The carpal tunnel is a tube-shaped anatomical compartment at the base of the palm through which the median nerves pass together with nine flexor tendons of the fingers. Narrowing of the carpal tunnel exerts pressure on the median nerve resulting in permanent pain, paraesthesia, and numbness of the fingers. The chronic pressure interferes with the blood flow of the nerve causing damage to the myelin sheath andultimately, the nerve fibers. If pressure persists, weakening of the hand muscles will occur (predominantly in the thenar eminence), finally resulting in the loss of fine motor skills.

Initially, treatment options include conservative interventions such as splints. If symptoms remain, carpal tunnel release surgery can be performed to relieve the median nerve from pressure. Concerning the severity of damage already present at the time of surgery, spontaneous regeneration of the median nerve takes place.

Diabetes:

In diabetic neuropathy, nerves are damaged because of permanently elevated blood sugar levels. Approximately every third diabetes patient develops neuropathy, which therefore belongs to the most frequent source of secondary damage of diabetes and is independent of the diabetes type.

The symptoms of diabetic neuropathy are very diverse. Pain perception, touch, or temperature sensitivity could be impacted, but patients may also develop chronic pain, abnormal sensation, and paralysis.
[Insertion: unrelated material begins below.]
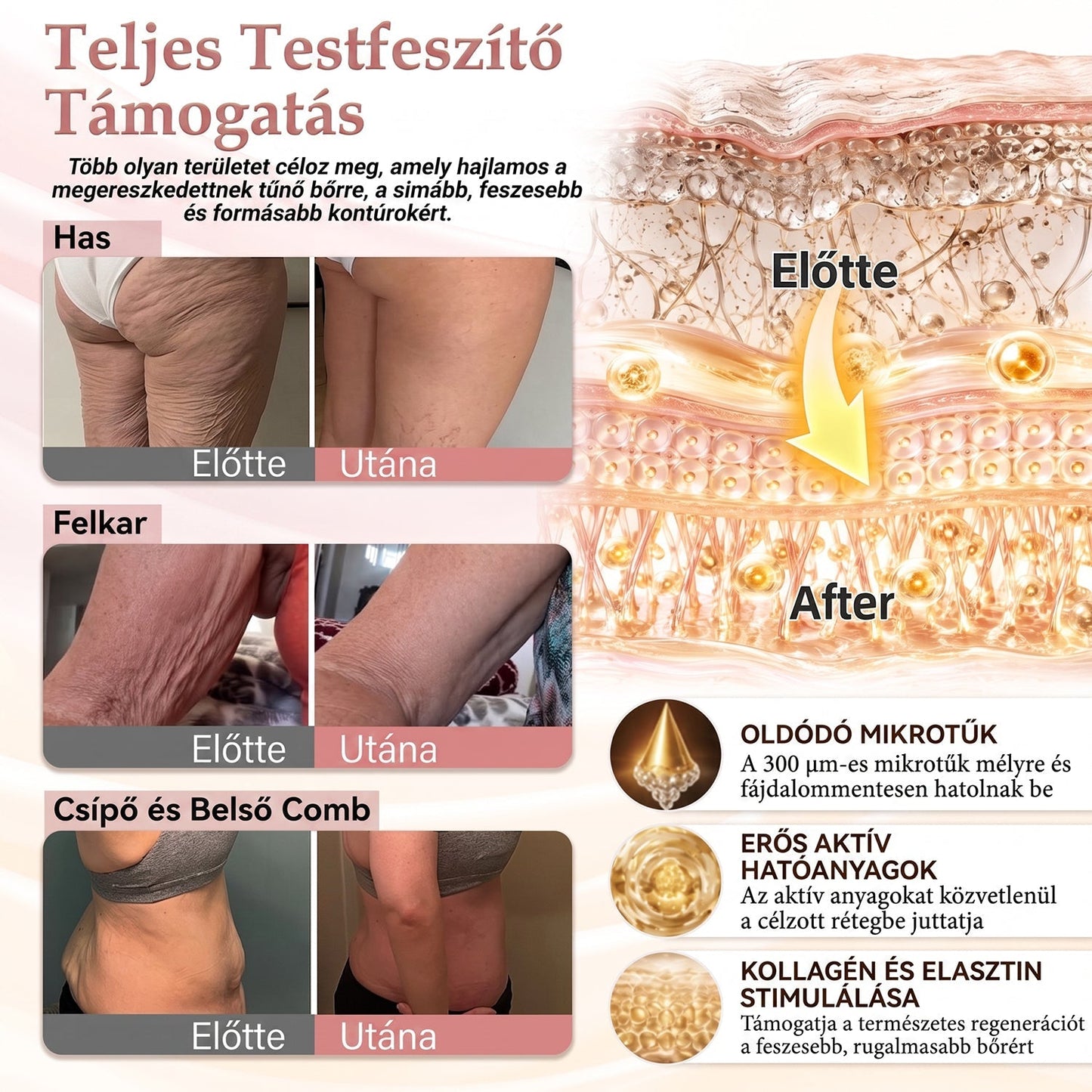 🔥 HISKIN® Nano Mikrotűs Mellvolumen-növelő és Feszesítő Kezelés ✨ Fejlett Nőies Kontúrápoló Rendszer | Kollagénpeptid és Hialuronsav Technológia 🌸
In addition to the peripheral nervous system, the autonomic nervous system is frequently affected, which controls many functions of the body.

The molecular mechanisms that lead to the development of diabetic neuropathy are not yet fully understood and are the subject of current research. However, it is clear that permanently elevated blood sugar levels lead to vessel damage and thus, a reduced oxygen and nutrient supply for the nerves. Also, essential repair mechanisms and growth processes within nerve cells are disturbed, dramatically inhibiting normal regeneration.

Degenerative diseases:

Another cause of peripheral neuropathy are neurodegenerative diseases. A distinction is made between acquired and genetic diseases. Charcot-Marie-Tooth disease for example is a genetic degenerative disease of the PNS. The patients suffer from increasing muscle weakness and muscle wasting in the hands and feet, which are spreading further into arms and legs during disease progression. The disease causing mutations lead to direct damage of axons or the myelin sheath and thus disturb the innervation of muscles.

Autoimmune diseases are often the cause of acquired neuropathies. The neuropathy candevelop as a secondary disease, e.g. due to compression of the nerve caused by inflammatory joint diseases such as rheumatoid arthritis, or through a direct attack of the body's immune system on nerve structures as caused by Guillain-Barré Syndrome.

In addition, degenerative diseases of the central nervous system may also lead to the development of peripheral neuropathies for example the development of neuropathic pain in Parkinson´s disease.